Skeptical Views On Noahs Ark Essay, Research Paper

Skeptical view of the flood myth

As skeptics have long been aware, there was no global flood in the last 5000 years, a boatload of animals did not ground on so-called Mount Ararat or on any mountain, and the world’s animals are not descended from two or seven pairs of each species that lived during the third millennium BC. Nor is there any archaeological proof that a man survived a flood by being on a boat loaded with animals, food, and drinking water.

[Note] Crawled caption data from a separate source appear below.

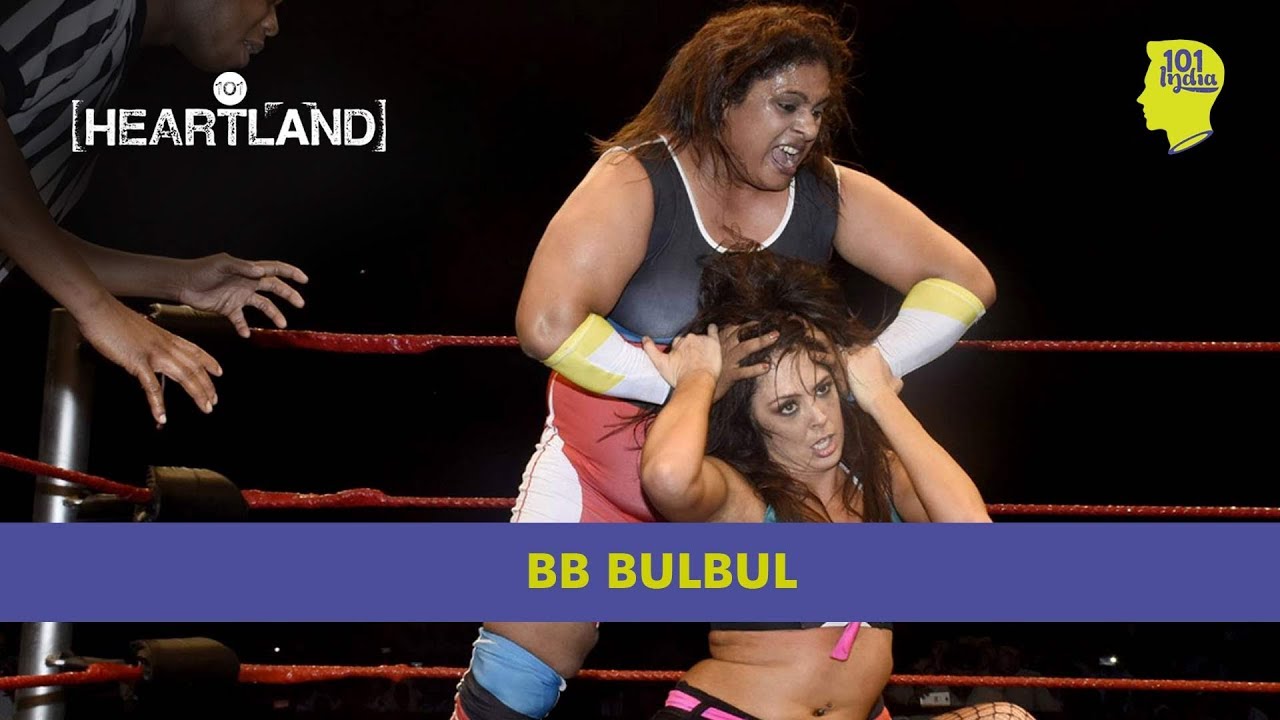 BB Bulbul: India's 1st Female Pro-Wrestler | Unique Stories From India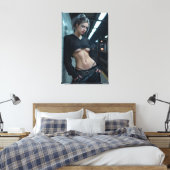 Toile Plateforme de minuit Muse (Insitu(Chambre))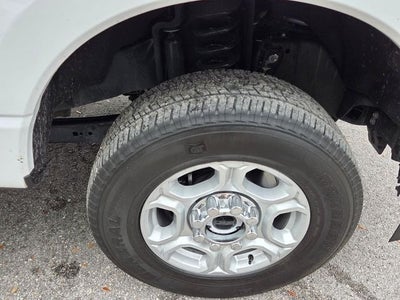 2025 Ford F-250SD XLT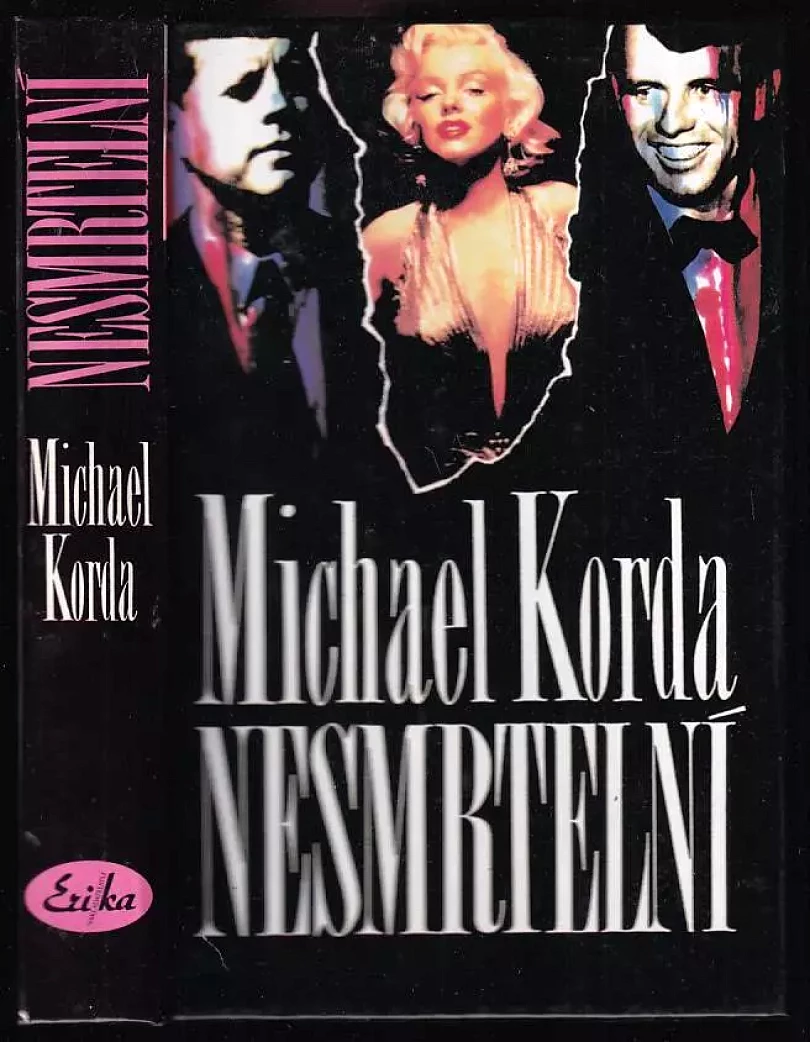 Levně Nesmrtelní (Michael Korda, 1994)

The Noah’s Ark book summarized here does not claim historicity for Noah or the ark story, but the book does claim that some of the story elements in the Ancient Near East flood were based on an actual river flood. This archaeologically attested flood of the Euphrates River has been radiocarbon dated to about 2900 BC. This flood left a few feet of yellow mud in the Sumerian city Shuruppak, the ruins of which have been found at Tel Fara about 125 miles southeast of Baghdad. Some but not all Sumerian cities also show signs of this river flood at the beginning of the Early Dynastic I period. According to the Sumerian King List, a legendary king named Ziusudra lived in Shuruppak at the time of the flood. There was also a flood myth about king Ziusudra which includes several story elements very similar to the Genesis flood myth. Shuruppak was also the flood hero’s city according to the Epic of Gilgamesh. The flood myth in the Epic of Gilgamesh was adapted from an earlier myth, the Epic of Atrahasis which is also very similar to the Genesis flood myth. Six of these Ancient Near East flood myths contain numerous distinctive story elements that are very similar to the Genesis flood myth and indicate a literary affinity or dependency on a common body of myths about the flood hero Ziusudra and based on the Euphrates River flood of 2900 BC.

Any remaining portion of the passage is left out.